▸ **Image-text web data**:
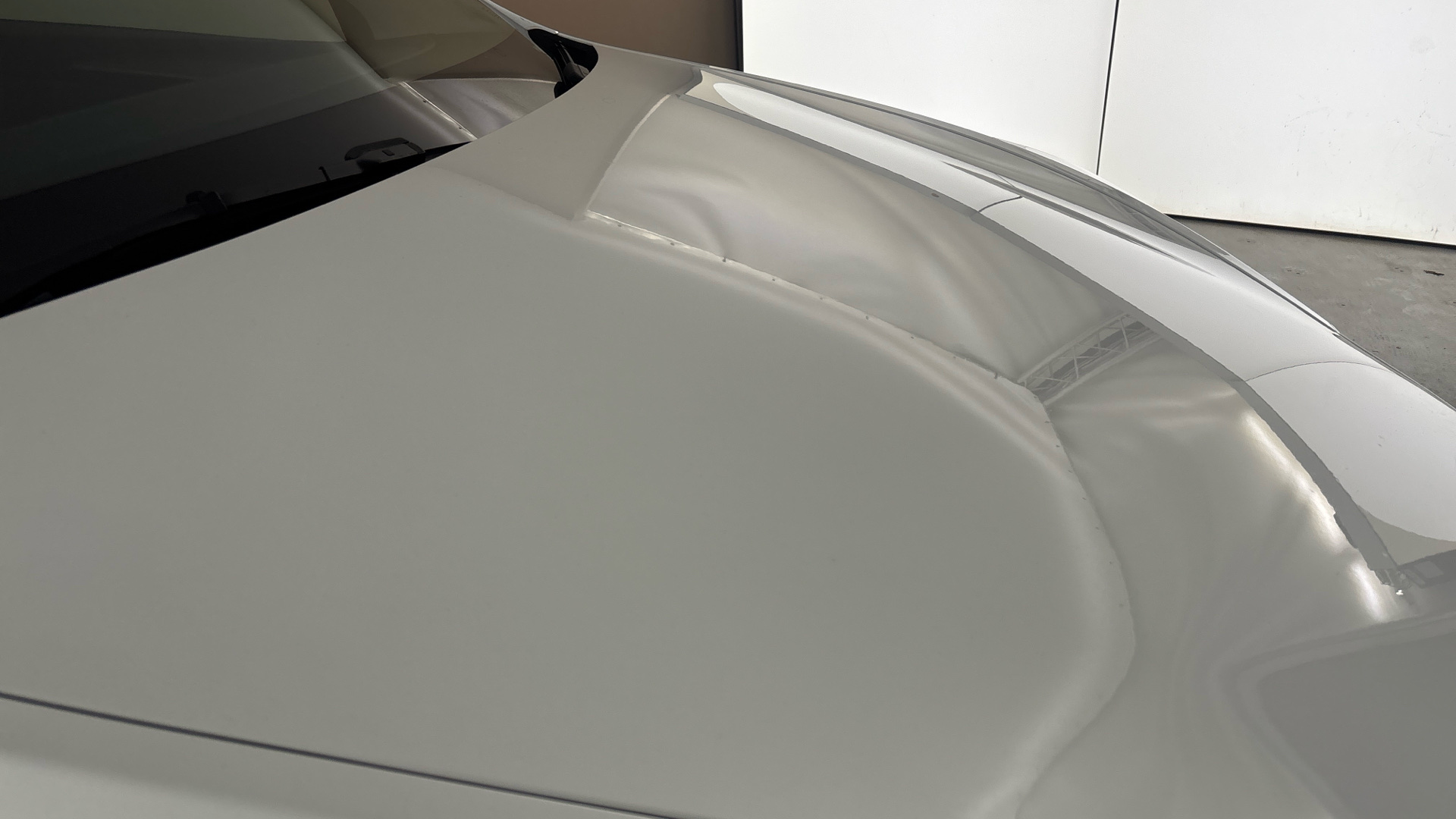 4049524 Long Range AWD 5dr Auto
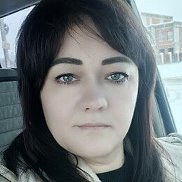 �������, 42 ����, ������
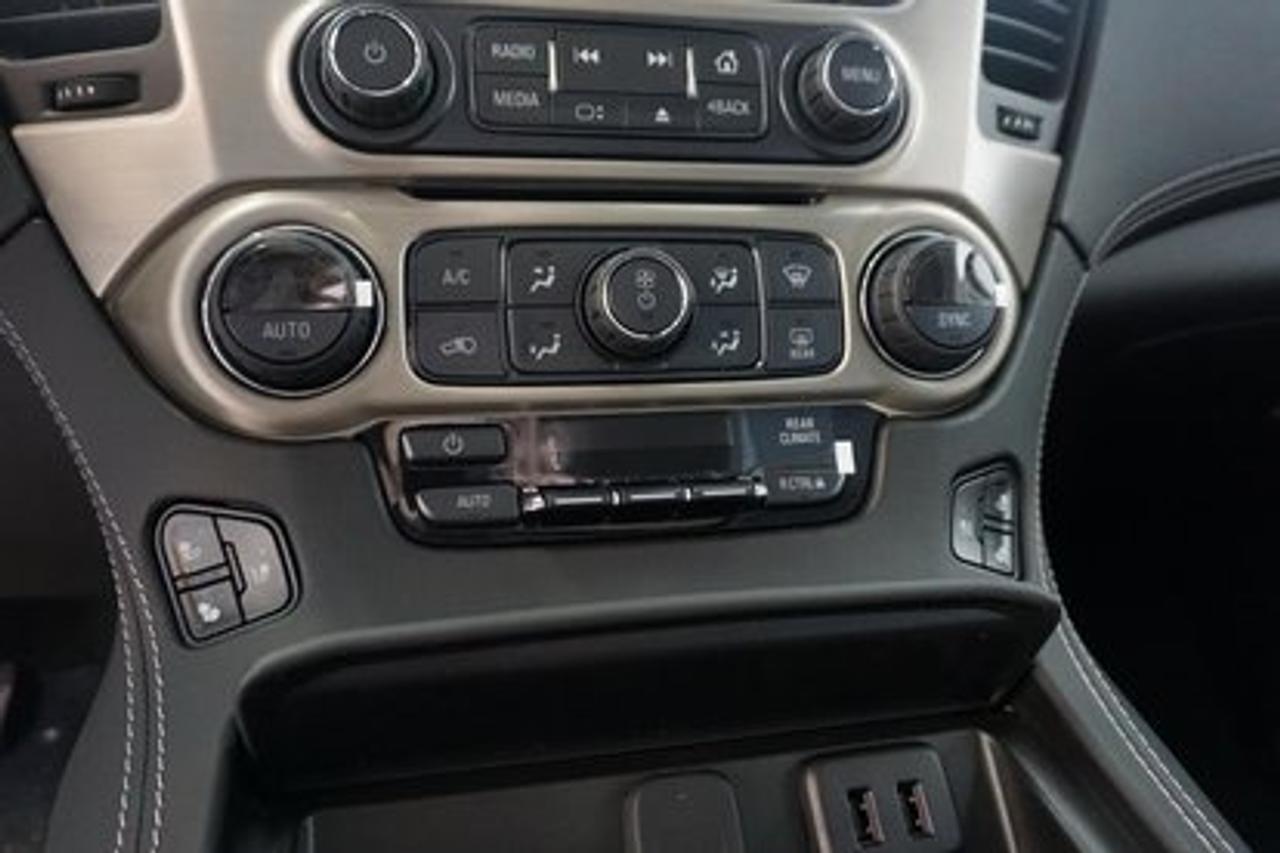 663040.11652396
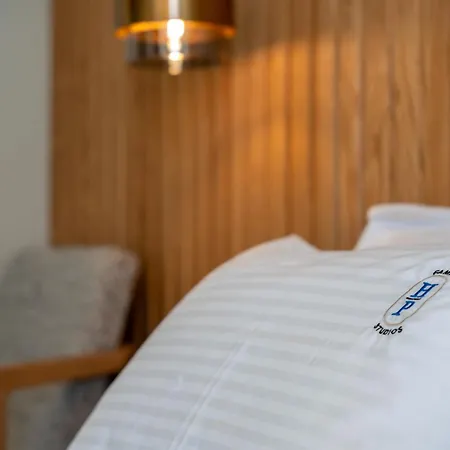 アパート Hp Family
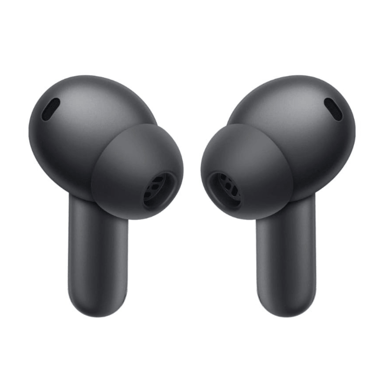 OnePlus Buds 4 Auriculares Bluetooth Gris (Storm Gray)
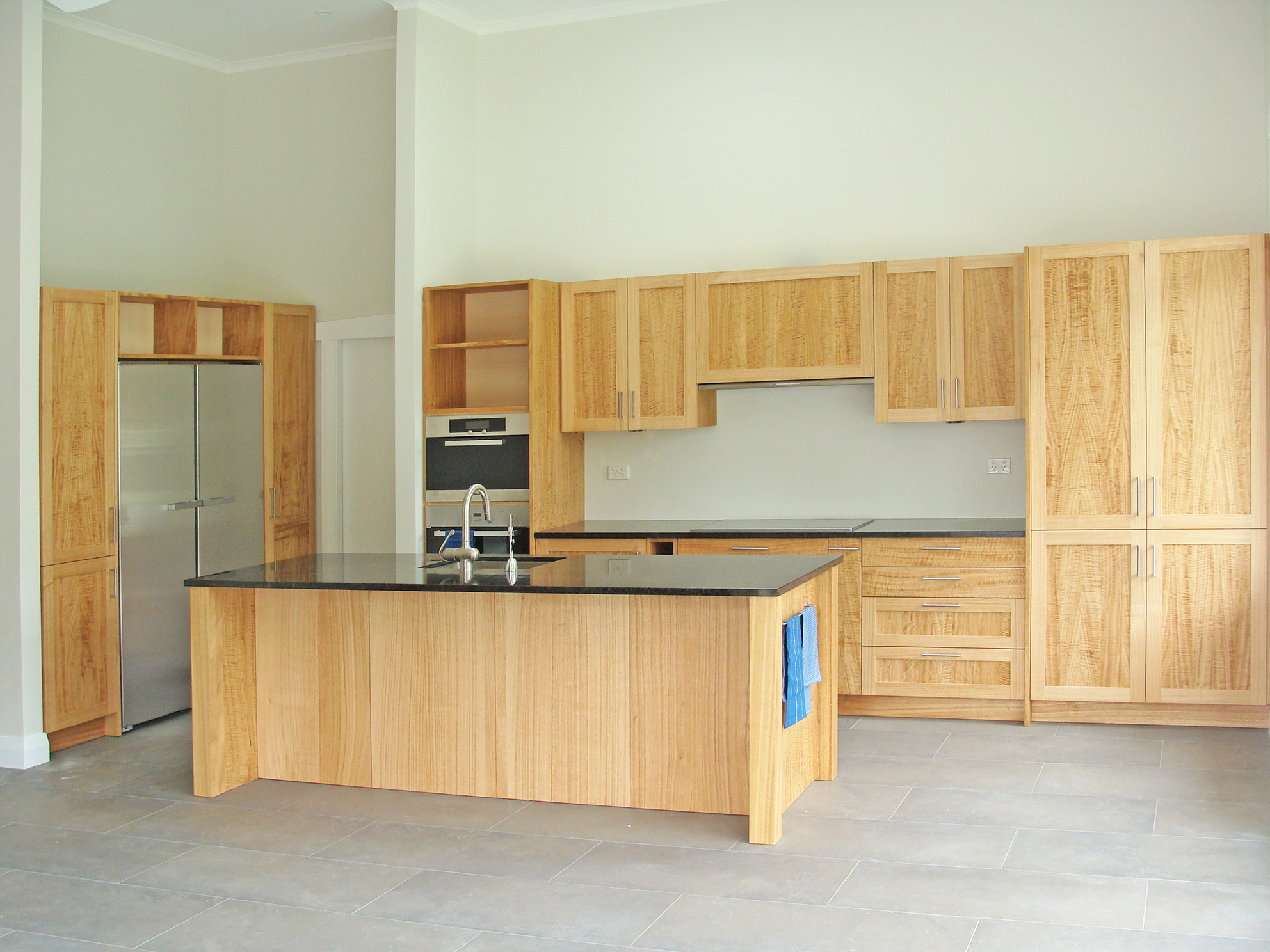 before kitchen.jpg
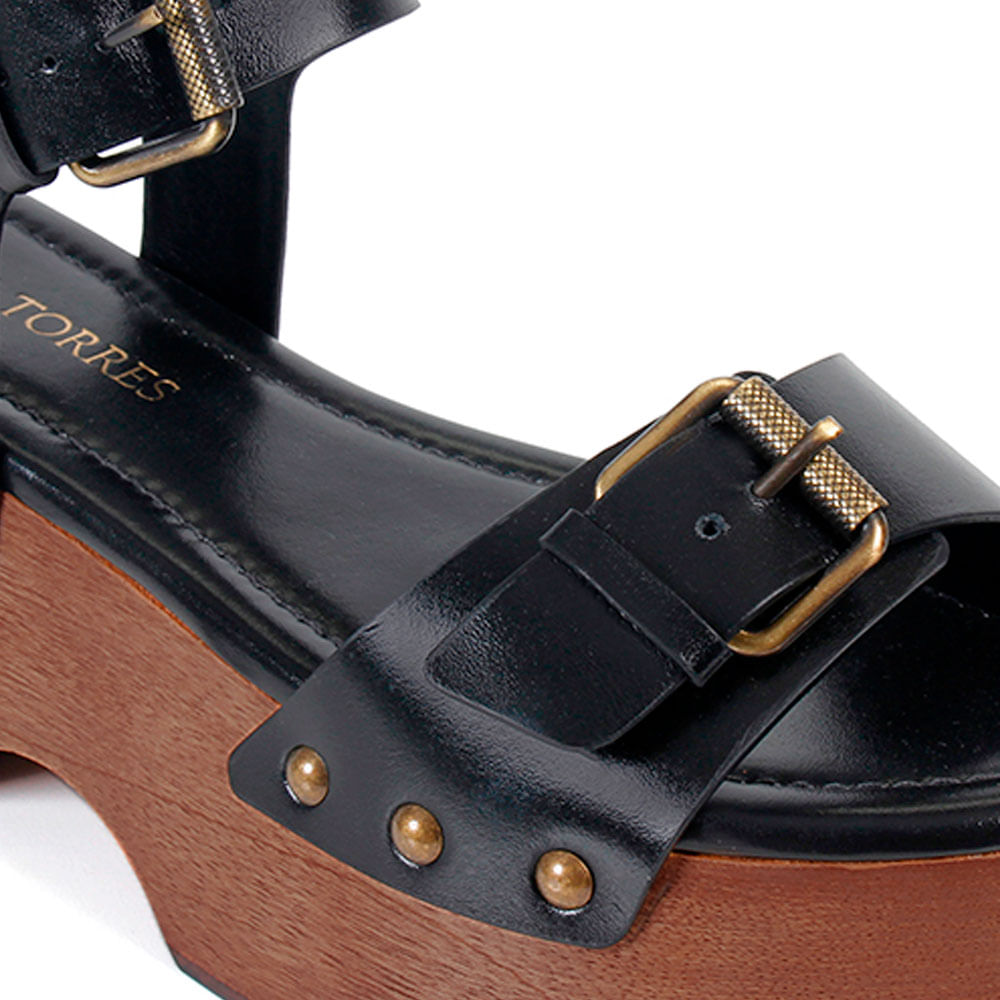 flatform-praia-churrasco-filipa-preto-paula-torres-3.jpg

▸ **What to do**: Pictures are to be dropped, and every record is to be copied exactly.

▸ **Answer space**:
 4049524 Long Range AWD 5dr Auto
 �������, 42 ����, ������
 663040.11652396
 アパート Hp Family
 OnePlus Buds 4 Auriculares Bluetooth Gris (Storm Gray)
 before kitchen.jpg
 flatform-praia-churrasco-filipa-preto-paula-torres-3.jpg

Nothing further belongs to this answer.